Back in May, I attended a Detroit SOUP dinner for a feature on the Awesome Mitten. For those who haven’t heard of Detroit SOUP, the concept is fairly simple: make a donation of $5 to get in, listen to four unique project idea presentations, enjoy delicious soup, salad, and bread, and vote on which project should receive the entry money.
Each project presented at Detroit SOUP offers unique and creative means to improve the Motor City, and those who attend are able to provide much needed funding to organizations making a positive impact on the city. One such inventive project (and winner at the July 2013 dinner) is Rebel Nell.
At the most fundamental level, Rebel Nell produces beautiful jewelry. But it is how this “defiant jewelry with a purpose” is created that makes it such a compelling venture. Founded in April by Detroiters Amy Peterson and Diana Russell, Rebel Nell employs, educates, and empowers disadvantaged women in Detroit, providing them with training and guidance to help improve their lives.

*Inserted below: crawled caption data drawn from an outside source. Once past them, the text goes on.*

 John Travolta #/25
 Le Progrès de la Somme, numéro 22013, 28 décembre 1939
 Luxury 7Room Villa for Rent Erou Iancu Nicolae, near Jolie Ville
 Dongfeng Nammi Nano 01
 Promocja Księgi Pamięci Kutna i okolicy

The training provided by Rebel Nell extends far beyond jewelry making; the women hired by the fledgling company also develop life management skills, learning how to set up a bank account, establish credit, and be successful, independent businesswomen. The company partners with COTS in order to determine candidates who are ready to begin a new
chapter improving their lives.
In addition to helping the disadvantaged women of Detroit, Rebel Nell jewelry itself also taps a hugely overlooked local resource: Detroit’s broken graffiti. All of the pieces from Rebel Nell repurpose chips of paint that have fallen to the ground (because of the weight of the layers of paint, wear from the elements, etc.) and been salvaged.

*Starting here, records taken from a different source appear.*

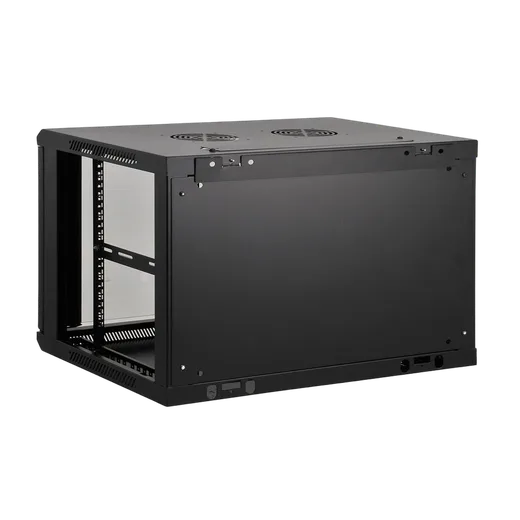 Kimex International Rack mural 19" 600x450mm 9U
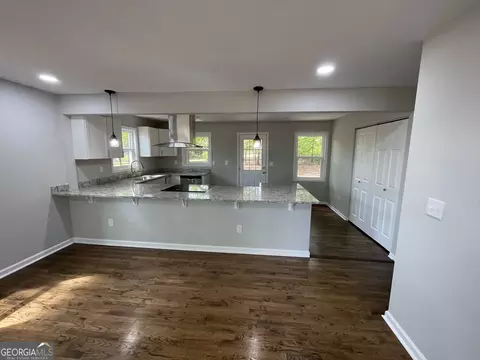 2534 E Lake Rd, Mcdonough, GA 30252 photo 14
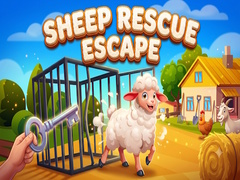 Mchezo Sheep Rescue Escape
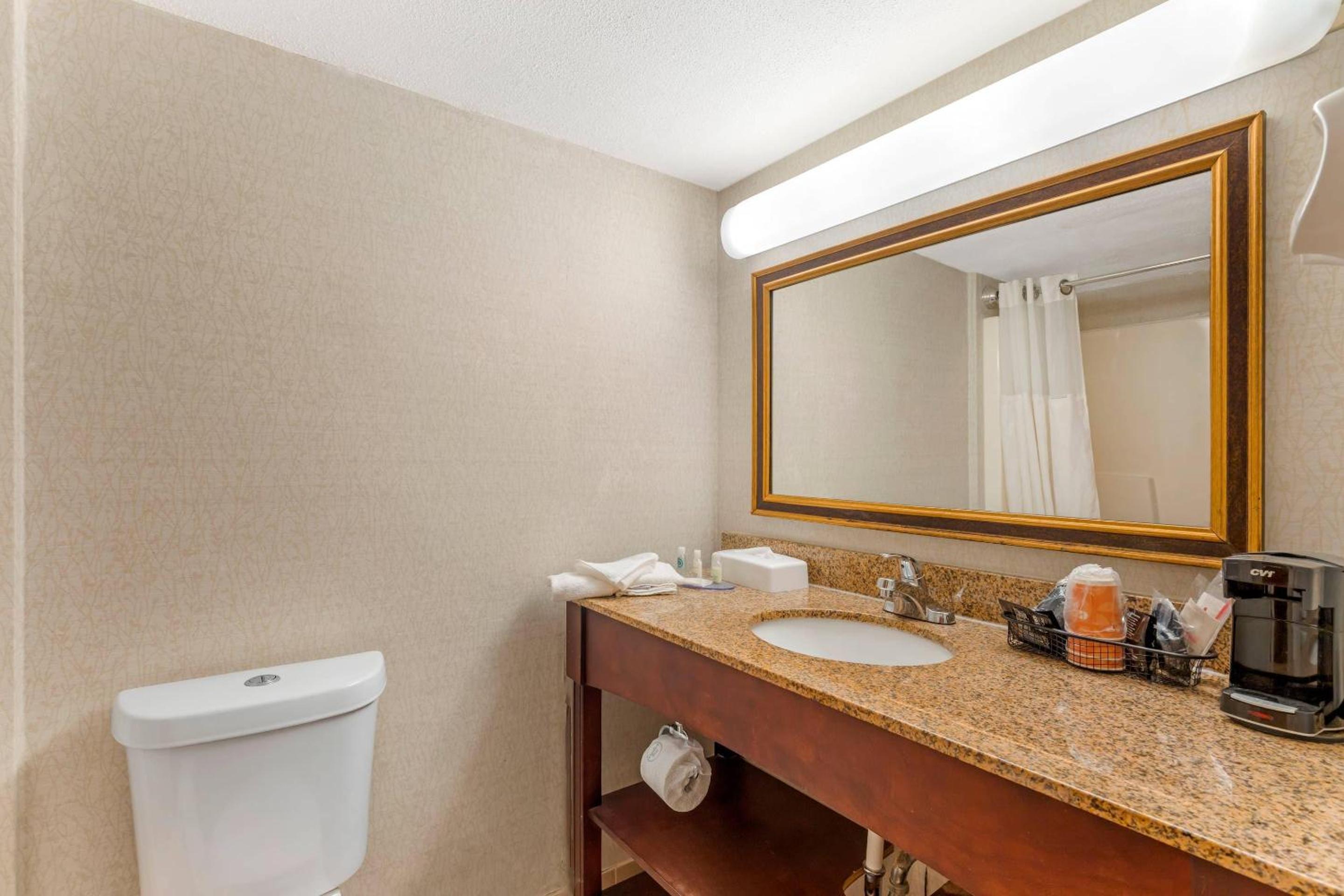 King Room - Non Smoking - Photo 4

Because of the unique materials used, each piece is completely one of a kind. Meaning when you buy a pair of earrings, a ring, cufflinks, or a pendant from Rebel Nell, you are purchasing wearable art. Both founders have a background in art and fashion (Russell’s studies at Wayne State University centered on photography, metalsmithing, and fashion, and though Peterson is an attorney, she taught herself to make jewelry while in law
school) and are Detroit natives, so there is no question that you are taking home a well-crafted piece of the Motor City.

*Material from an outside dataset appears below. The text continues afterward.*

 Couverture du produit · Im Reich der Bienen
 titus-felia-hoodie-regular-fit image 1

And here at the Awesome Mitten, we aren’t the only ones lauding Rebel Nell. Earlier this year, the company held an Indiegogo crowd-funding campaign and was able to raise over $25,000. And since it has only been a few months since Rebel Nell has opened its doors (at 4731 Grand River, also HQ for the Grand River Creative Corridor project), the Motor City has only just begun to see the far-reaching benefits (and beautiful jewelry) of Rebel Nell.